In questo momento chi sta sguainando la spada, anche sui temi “identitari” e storici della Lega come sicurezza e immigrazione, è un generale che si chiama Roberto Vannacci…
“Al di là delle chiacchiere sul tema dell’immigrazione chi ha portato a casa i risultati è stata la Lega, e non da oggi. I dati del Viminale parlano chiaro: gli anni in cui ci sono stati meno sbarchi e meno morti in mare sono stati quelli con Roberto Maroni e Matteo Salvini ministri. I decreti sicurezza li abbiamo fatti noi, i rimpatri sono aumentati e se oggi vengono arrestati anche i minorenni che commettono atti criminali – compresi i cosiddetti “maranza” – è soprattutto grazie alla Lega. Alla propaganda, visto che siamo una forza di governo, dobbiamo rispondere in un solo modo: con i risultati”.
Però, come sa esiste anche un “percepito” e i sondaggi attribuiscono a Futuro Nazionale percentuali che iniziano a essere significative. Vannacci non va sottovalutato: un alleato potenziale o un concorrente diretto?
“Noi non lo sottovalutiamo e portiamo sempre rispetto per i movimenti politici che riscuotono più o meno consenso. Noi non dobbiamo guardare Vannacci, dobbiamo guardare noi stessi. Per farle un esempio che riguarda la ‘percezione’: la Lega da mesi denuncia che servono più militari sulle strade. Dobbiamo batterci affinché la premier Meloni e il ministro Crosetto capiscano che l’operazione ‘strade sicure’ – varata ai tempi del governo Berlusconi con La Russa ministro della Difesa – fu accolta dai cittadini con grande favore. Vedere i militari in zone particolarmente sensibili, penso alle stazioni, dava un senso di maggiore sicurezza ed era un’operazione di deterrenza fantastica. Oltre la percezione fu un risultato concreto di chi governa. E che deve fare chi governa”.

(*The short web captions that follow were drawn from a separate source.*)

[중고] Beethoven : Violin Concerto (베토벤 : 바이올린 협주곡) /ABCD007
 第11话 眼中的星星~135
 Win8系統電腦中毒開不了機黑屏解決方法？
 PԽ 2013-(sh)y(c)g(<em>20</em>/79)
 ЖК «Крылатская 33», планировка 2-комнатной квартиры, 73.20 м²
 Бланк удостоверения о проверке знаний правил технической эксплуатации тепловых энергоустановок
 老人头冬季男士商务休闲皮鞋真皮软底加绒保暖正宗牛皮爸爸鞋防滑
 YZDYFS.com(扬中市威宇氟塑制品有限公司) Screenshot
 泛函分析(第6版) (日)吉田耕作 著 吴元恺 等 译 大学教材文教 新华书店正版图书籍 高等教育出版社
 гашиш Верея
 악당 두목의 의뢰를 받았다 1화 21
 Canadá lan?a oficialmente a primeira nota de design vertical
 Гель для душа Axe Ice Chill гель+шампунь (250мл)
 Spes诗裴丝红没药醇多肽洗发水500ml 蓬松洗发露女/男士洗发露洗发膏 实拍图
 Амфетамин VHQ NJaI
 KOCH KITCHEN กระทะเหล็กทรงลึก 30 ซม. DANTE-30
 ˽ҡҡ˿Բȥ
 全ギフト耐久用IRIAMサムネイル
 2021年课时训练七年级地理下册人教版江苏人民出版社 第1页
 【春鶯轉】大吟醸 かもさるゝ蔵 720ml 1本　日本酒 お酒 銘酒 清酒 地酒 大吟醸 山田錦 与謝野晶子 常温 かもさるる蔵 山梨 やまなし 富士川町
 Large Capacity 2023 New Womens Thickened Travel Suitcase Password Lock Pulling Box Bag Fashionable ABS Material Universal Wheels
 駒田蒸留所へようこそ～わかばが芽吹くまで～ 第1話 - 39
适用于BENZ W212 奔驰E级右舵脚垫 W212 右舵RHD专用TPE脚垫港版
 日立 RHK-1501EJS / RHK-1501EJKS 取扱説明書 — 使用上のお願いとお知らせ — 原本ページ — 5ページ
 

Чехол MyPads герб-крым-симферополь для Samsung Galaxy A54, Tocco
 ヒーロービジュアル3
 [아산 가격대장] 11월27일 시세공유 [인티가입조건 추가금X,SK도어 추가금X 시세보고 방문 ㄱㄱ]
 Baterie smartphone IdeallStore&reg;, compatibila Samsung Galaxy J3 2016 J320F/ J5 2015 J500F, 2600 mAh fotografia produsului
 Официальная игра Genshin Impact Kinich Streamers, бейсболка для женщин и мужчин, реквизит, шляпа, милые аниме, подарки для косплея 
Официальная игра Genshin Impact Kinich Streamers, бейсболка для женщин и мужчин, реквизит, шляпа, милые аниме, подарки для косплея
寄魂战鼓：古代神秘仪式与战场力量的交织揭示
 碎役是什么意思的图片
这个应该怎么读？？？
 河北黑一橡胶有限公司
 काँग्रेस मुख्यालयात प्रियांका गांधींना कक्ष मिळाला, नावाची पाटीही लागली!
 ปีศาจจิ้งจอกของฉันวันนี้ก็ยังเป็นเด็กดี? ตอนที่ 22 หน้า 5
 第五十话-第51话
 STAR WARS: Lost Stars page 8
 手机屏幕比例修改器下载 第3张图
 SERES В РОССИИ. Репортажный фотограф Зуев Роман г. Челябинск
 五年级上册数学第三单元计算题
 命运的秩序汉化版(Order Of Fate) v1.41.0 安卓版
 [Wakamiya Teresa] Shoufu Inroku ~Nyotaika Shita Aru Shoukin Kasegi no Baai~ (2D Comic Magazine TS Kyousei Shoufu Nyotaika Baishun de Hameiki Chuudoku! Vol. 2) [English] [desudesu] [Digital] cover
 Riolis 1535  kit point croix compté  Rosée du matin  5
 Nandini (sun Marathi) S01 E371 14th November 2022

Meloni ha ottenuto da Bruxelles margini di flessibilità già previsti per la Difesa anche per la sicurezza energetica e il sostegno contro il caro bollette. Un risultato sufficiente o il Patto di Stabilità va comunque rivisto?
“La Lega ha sempre sostenuto che fosse abbastanza assurdo il fatto che si potesse derogare al Patto di Stabilità sulle spese per le armi e non per aiutare le famiglie e le imprese di fronte a una crisi energetica di questa portata. Senza sminuire il fatto che Meloni abbia fatto il suo lavoro e sollecitato Bruxelles, il ruolo del ministro leghista dell’Economia Giancarlo Giorgetti è stato fondamentale. Diamo a Cesare quel che è di Cesare. Giorgetti è riuscito ad ottenere la possibilità di spendere 13-14 miliardi in favore delle imprese in un momento di difficoltà energetica e di avere quella flessibilità che ci consente di sostenere un sistema produttivo che altrimenti rischiava di collassare. Con i cinesi pronti ad acquistare le nostre aziende”.